HiAGI is an advanced AI-driven task automation system designed for generating, prioritizing, and executing tasks based on a specified objective. Utilizing state-of-the-art technologies such as ChromaDB, SentenceTransformer, and the OpenAI API for text generation, BabyBoogaAGI aims to deliver efficient and reliable task management solutions.
The primary goal of this project is to establish a user-friendly, low-code/no-code framework that empowers users to rapidly iterate on cognitive architectures. Simultaneously, the framework is designed to accommodate developers with a seamless integration process for incorporating new logic modules as the AI landscape continues to evolve. By fostering a collaborative and accessible environment, HiAGI seeks to contribute to the advancement of AI research and development across various domains.
- Clone the repository:
git clone https://github.com/your_github_username/HiAGI.git
cd HiAGI
- Install the required libraries:
pip install -r requirements.txt
-
Update the 'config.ini' file in the Config directory to indicate the DB, Language Model API, and evironment variables if you are using locally hosted API services.
-
Create a copy of '.env.example' in the Config folder named '.env' and add your API keys there.
-
Modify the 'default.json' file in the Personas directory with your objective and tasks. You can also adjust parameters and update the agent prompts here.

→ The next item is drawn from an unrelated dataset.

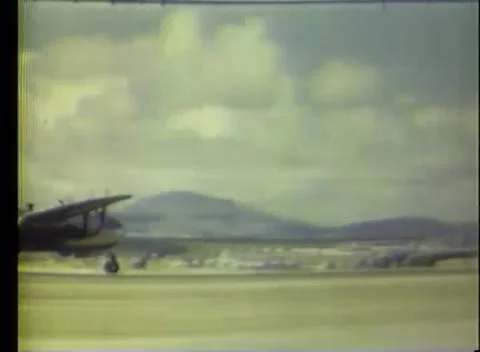 SAIPAN - 1945: Bomber operations - Parked bombers line the strip under cloud Stock Footage 343931909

- Run the main.py script to start HiAGI:
python main.py
This script will initialize the AI system, generate tasks, prioritize them, and execute the tasks based on the given objective.
-
Select whether you want to use auto or manual mode. Automode will run continuously. This is dangerous if you are using a paid LLM API. If you select manual mode, you will be able to add additional context or instructions to the prompt sent ot the Execution Agent.
-
Monitor the output to see the tasks being generated and executed.
Feel free to open issues or submit pull requests with improvements or bug fixes. Your contributions are welcome!
This project is licensed under the MIT License. See LICENSE for more details.